発送代行業者のHPに表記してある価格が安く見えても「実際に発注すると思っていたより費用がかさんでしまった」というケースがあるためです。
このような事態を避けるためにも、自社が委託したい業務内容を細かく伝え、事前に見積もり呈示を受けましょう。
不明点があればその都度、確認することが重要です。
2.発送代行業者の実績や口コミを確認する
発送代行サービスの導入時に費用面ばかりを重視してしまい、サービス品質が悪化するのは本末転倒。
そこで、確認しておきたいのが業者の「実績」と「口コミ」です。
発送代行業者のHPに載っている実績は、信頼のおける企業かどうかを判断する基準になります。

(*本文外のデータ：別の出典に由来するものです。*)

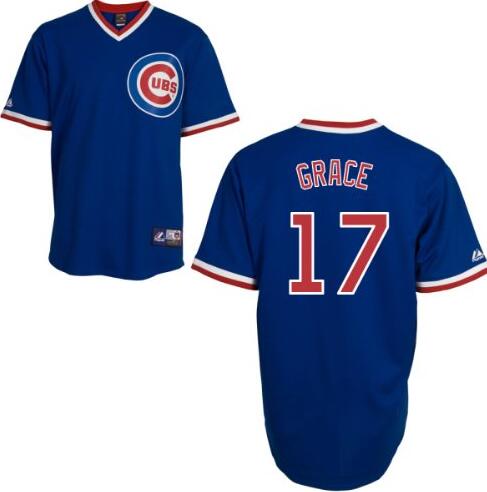 Mark Grace Chicago Cubs blue jersey
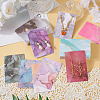 100Pcs 10 Styles Hot Stamping Cardboard Paper Jewelry Display Cards CDIS-TA0001-17-6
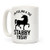 LookHUMAN I'm Feeling a Tad Stabby Today White 15 Ounce Ceramic Coffee Mug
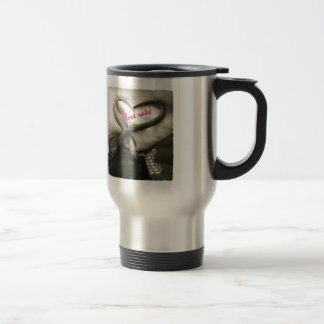 I Love Rats! silver mug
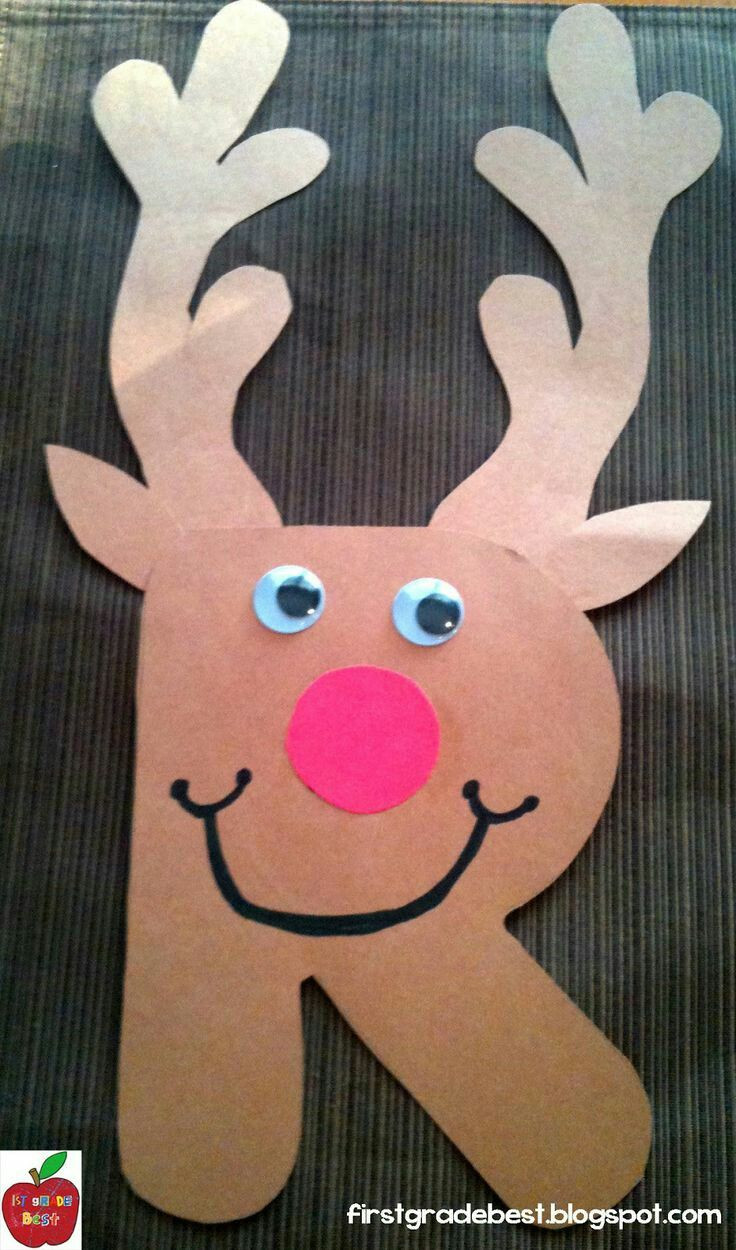 Preschool Craft Activity
 Month DecemberTitle of Activity R is for ReindeerContent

また、利用者の口コミを調べることでサービス品質を確かめられるでしょう。
3.取り扱いできる商品種別を確認する
発送代行業者によって、取り扱いできる商品種別が異なります。
なぜなら、商品によって発送代行に必要な管理体制が異なるためです。
たとえば、食品や飲料を取り扱う場合に冷蔵・冷凍倉庫などの設備が必要なほか、先入れ先出しや賞味期限に対応したサービスが求められます。
また、化粧品の発送は「薬事許認可」を取得している発送代行業者を選ばなければなりません。
したがって、発送代行業者が依頼したい商品を取り扱えるかを確認しておくことが重要です。
4.自社との親和性が高い業者を選ぶ
発送代行サービスを選ぶ際は、自社との親和性の高さを重視しましょう。
自社に合った業者を選ぶために、確認しておきたい項目は以下の通り。
- 受注管理システムがあるか
- 対応スピードは適切か
- 自社との距離はどれくらいか
- 商品品質の維持ができるか
- ミス防止体制が整っているか
- 複数のECモールに対応しているか
- 小ロットからでも対応は可能か
任せたい業務内容をどこまで請け負ってくれるか、チェックしておきましょう。
発送業務をすべて委託したい場合は、受注管理システムが整っているかも重要です。
また、保管場所と自社との距離があまりに遠いと、万が一トラブルがあった際にすぐ駆けつけられません。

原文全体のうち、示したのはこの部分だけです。